Cisco (NASDAQ:CSCO) is usually considered a slow-growth stock, but shares of the networking equipment giant surged nearly 40% over the past 12 months. That rally might seem baffling, since Cisco reported negative sales growth and anemic earnings growth over the past few quarters.
Nonetheless, Wall Street remains bullish on Cisco, with 16 analysts rating it as a "buy", three considering it "overweight", nine ranking it as a "hold", and none calling it a "sell".
So looking forward into 2018, should investors buy Cisco, or should they wait for a pullback? To decide, let's examine four reasons to buy Cisco and four reasons to avoid it.
4 reasons to buy Cisco
Cisco remains the 800-pound gorilla in networking hardware.

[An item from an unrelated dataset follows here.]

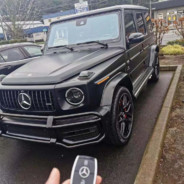 心劫不解终成疾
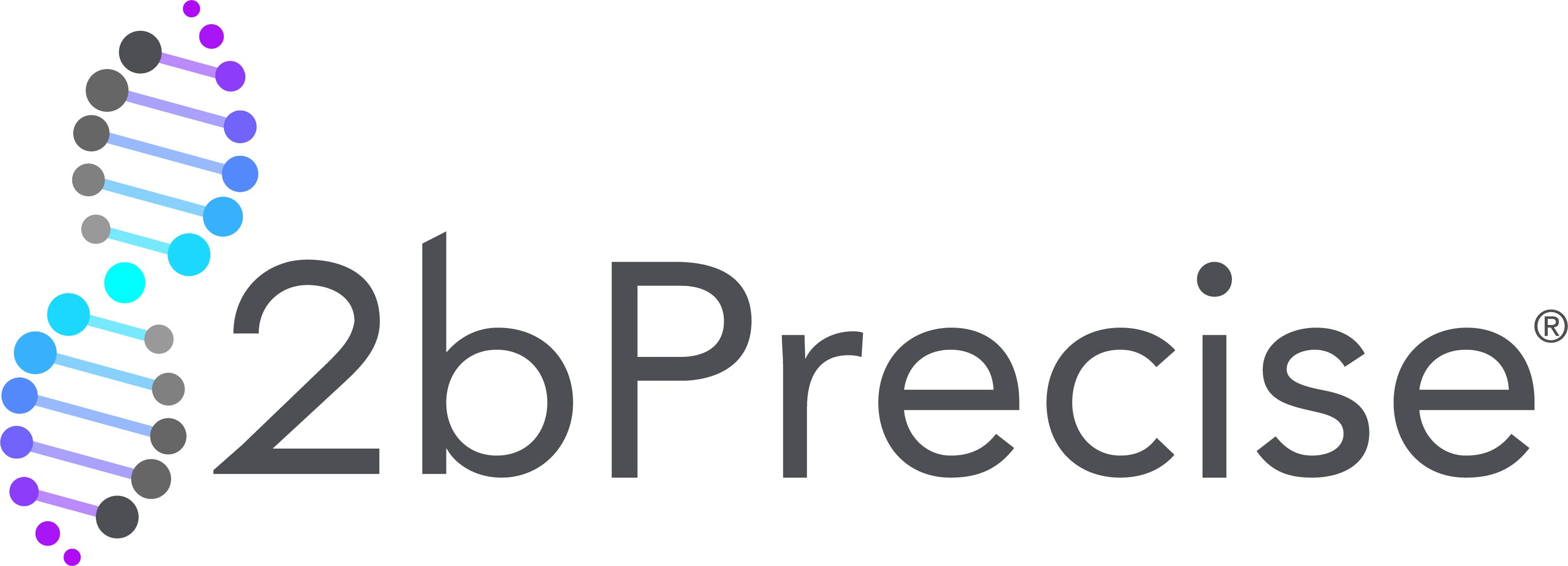 Annual Health Summit presented by HIMSS Arizona Chapter Glendale Oct 14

During the third quarter of 2017, it controlled 56.7% of the ethernet switching market and 41.4% of the enterprise and service provider router market according to IDC.
Cisco pays a forward dividend yield of 2.9%, which is much higher than the S&P 500's current yield of 1.8%. That dividend, which has been hiked annually since its inception in 2011, is supported by a low payout ratio of 59%.

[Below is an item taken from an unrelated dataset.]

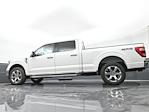 2023 Ford F-150 SuperCrew Cab 4WD Pickup for sale #P1235 - photo 40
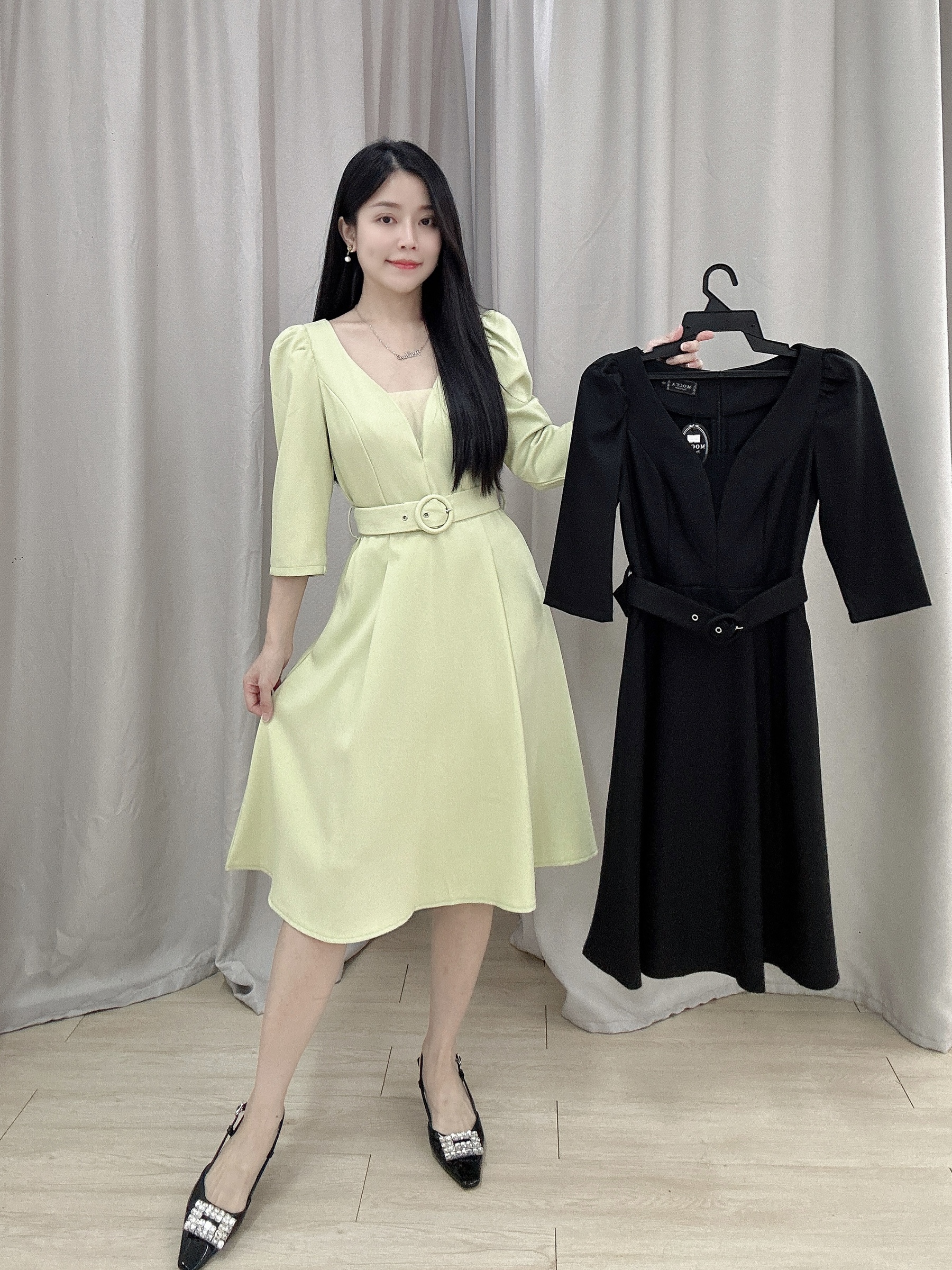 image_A9637D94-D33C-4D96-8569-1AFEBE8DDB2F_1752909212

Cisco's Applications and Security businesses respectively posted 6% and 8% annual sales growth last quarter. Those businesses only accounted for 15% of Cisco's revenue, but they're gradually offsetting the slower growth of its Infrastructure (switching and routing) businesses.
Cisco finished last quarter with $71.6 million in cash, cash equivalents, and investments, but just $2.5 billion of that total was available in the US. This makes Cisco a major beneficiary of the Trump Administration's decision to reduce the 35% corporate tax rate in the US to 21%, and taxes on repatriated income from 35% to 8%-15.5%.
If Cisco repatriates most of its overseas cash, it could significantly boost its buybacks or dividends, or pursue domestic acquisitions (especially in the higher-growth security, wireless, and collaboration markets) without issuing more debt. All those moves could boost shareholder value and transform Cisco's core business.
4 reasons to avoid Cisco
Cisco still dominates the switching and router markets, but IDC's aforementioned market share figures represent year-over-year declines from the third quarter of 2016 when Cisco controlled 57% of the ethernet switch market and 44% of the enterprise and service provider router market. Cisco's top rival Huawei gained ground in both markets during that period.
Arista Networks (NYSE:ANET), which specializes in switches for software-defined networking (SDN) solutions, also grew its market share. Arista is especially dangerous, since its switches and open-source Linux-based OS are optimized for generic "white box" network setups. These cheaper setups undermine Cisco's traditional strategy of selling its networking hardware and software in bundles.
Despite the improvements in its Applications business, Cisco's Infrastructure business continues to post negative sales growth. As a result, analysts expect its total revenue and earnings to respectively rise just 1% and 3% this year.
Those anemic growth rates aren't fully justified by Cisco's valuation. Cisco currently trades at 21 times earnings, which is lower than the industry average P/E of 35 for communication equipment vendors but marks its highest trailing multiple since 2010.
Cisco's high P/E ratio indicates that the stock is being propped up by two main things -- its decent dividend and rosy expectations for its repatriated cash. However, rising interest rates could cause investors to dump higher valued dividend stocks like Cisco, and there's no guarantee that Cisco will repatriate all of its cash from low tax havens like Ireland.
The verdict: Avoid Cisco (for now)
Cisco had a good run, but I think there's too much optimism baked into the stock. Its routers and switches are still losing ground to aggressive rivals like Huawei and Arista, and the growth of its Applications business is barely offsetting those declines.
Cisco is a low-risk stock, but I don't think it's a great buy with the stock's P/E hovering at multi-year highs. If you're interested in buying Cisco, wait for the stock to drop on rising interest rates or doubts about its repatriation plans before starting a position.